Воткнули ноги в сапоги
И вот стоим как дураки…
ГЛАВА ПЕРВАЯ
Многие литературные произведения начинаются примерно так: «Стояло знойное лето начала восьмидесятых»… Собственно, особенно знойным оно и не было. Главное, что стояло. Да и вообще, в то время многое стояло. Как-никак, период застоя. Во всём ощущалась стабильность. Съезды партии, в то время ещё единственной, имели чёткую хронологию в числительных и абсолютную константу в тематике. Самосознание населения зижделось (не основывалось, не строилось, а именно зижделось) на марксистско-ленинских устоях. Такого термина, как ценовая политика, не существовало вовсе, так как цены – это одно, они не меняются, и каждому известно, что можно приобрести за 3 рубля 62 копейки, а политика – это совсем другое, это как бы незримая идеологически-логическая связь между неосторожно рассказанным анекдотом и возможными обидными последствиями. Но, несмотря ни на что, это было прекрасное время.

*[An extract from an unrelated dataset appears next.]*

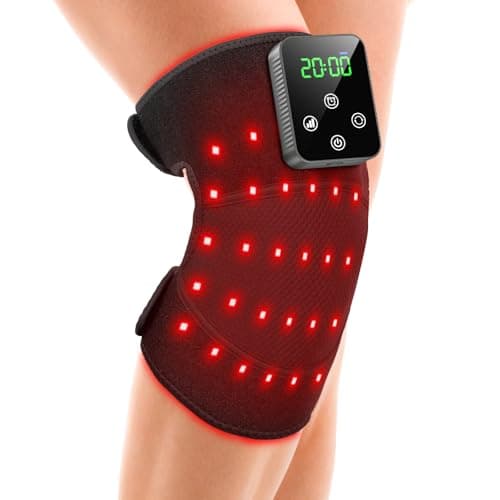 Qtyspdct Red Light Therapy Knee Brace, Cordless 660nm 850nm LED Infrared Redlight Therapy Pad for Knee Joint Elbow Shoulder with 3000mAh Rechargeable Controller - Image 1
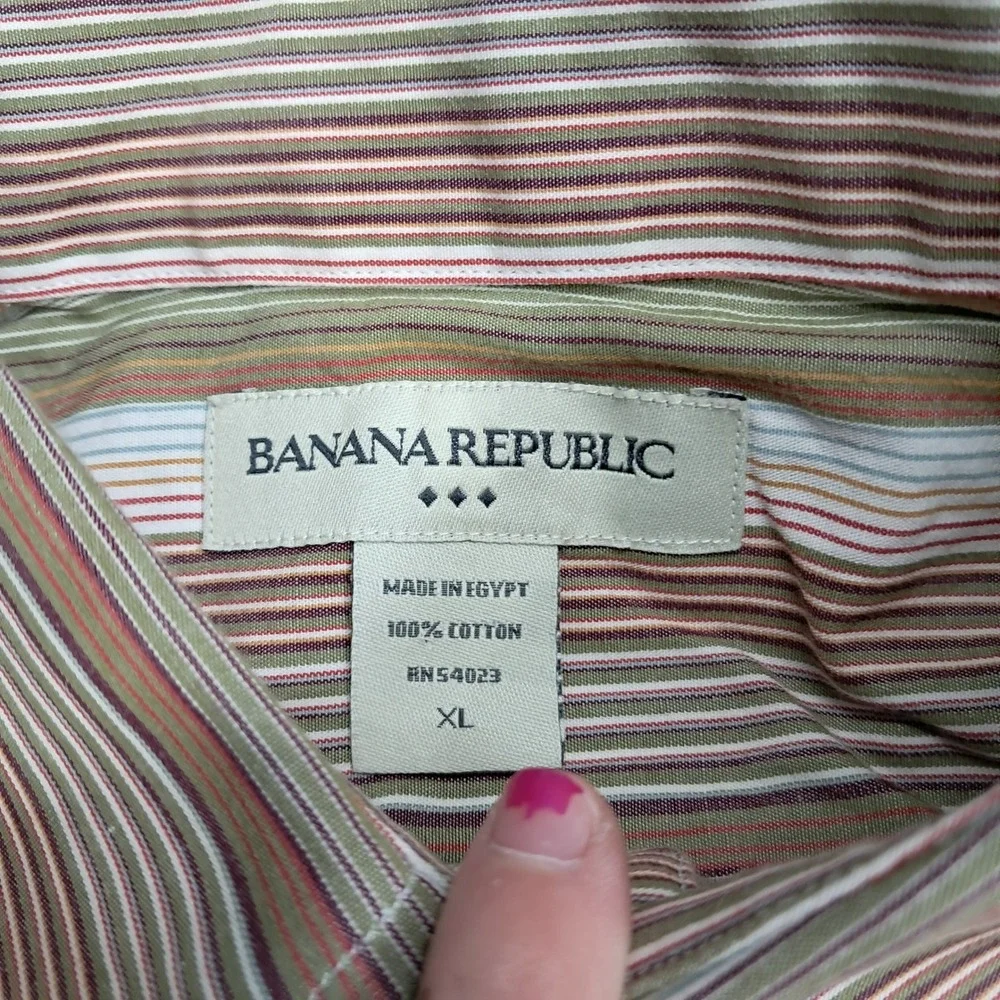 Banana Republic Mens XL Long Sleeve Striped Button Down Shirt Cotton Brown Green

Я стоял возле почтового ящика и задумчиво созерцал извлечённый оттуда конверт. Не внушал мне доверия этот штемпель. Веяло от него чем-то до боли патриотическим. Ну да, она родная. Повестка в военкомат. Собственно, ничего экстраординарного она мне не сулила, в конце концов я офицер запаса, а не какой-то призывник. Да и почему бы не взглянуть на этот факт с другой стороны. Ведь лучший отдых – это смена обстановки или рода деятельности. А мне, если откровенно, несколько обрыдла производственная рутина. Да и на вверенном мне объекте не всё было ладно. Я, молодой специалист, только после института, вёл работы по прокладке подземных коммуникаций в небольшом городке. На фоне невысоких строений мои экскаваторы и бульдозеры выглядели динозаврами. Они-то меня и подвели. Подземная часть города была напичкана кабелями различного назначения, не указанными ни на каких схемах, да и проложено большинство из них было где-то в послевоенное время. Ну как не порвать. А вдоль узкой улочки мои механизаторы грунтом из траншеи «немножко» присыпали частный домик одной старушки. Она-то не видела, в больнице лежала, а как вышла и увидела, так обратно и вернулась. Зато моё созидательно-разрушительное творчество было прославлено в местной прессе, где фамилия моя соседствовала с эпитетами «пираты зеленой природы и телефонных сетей».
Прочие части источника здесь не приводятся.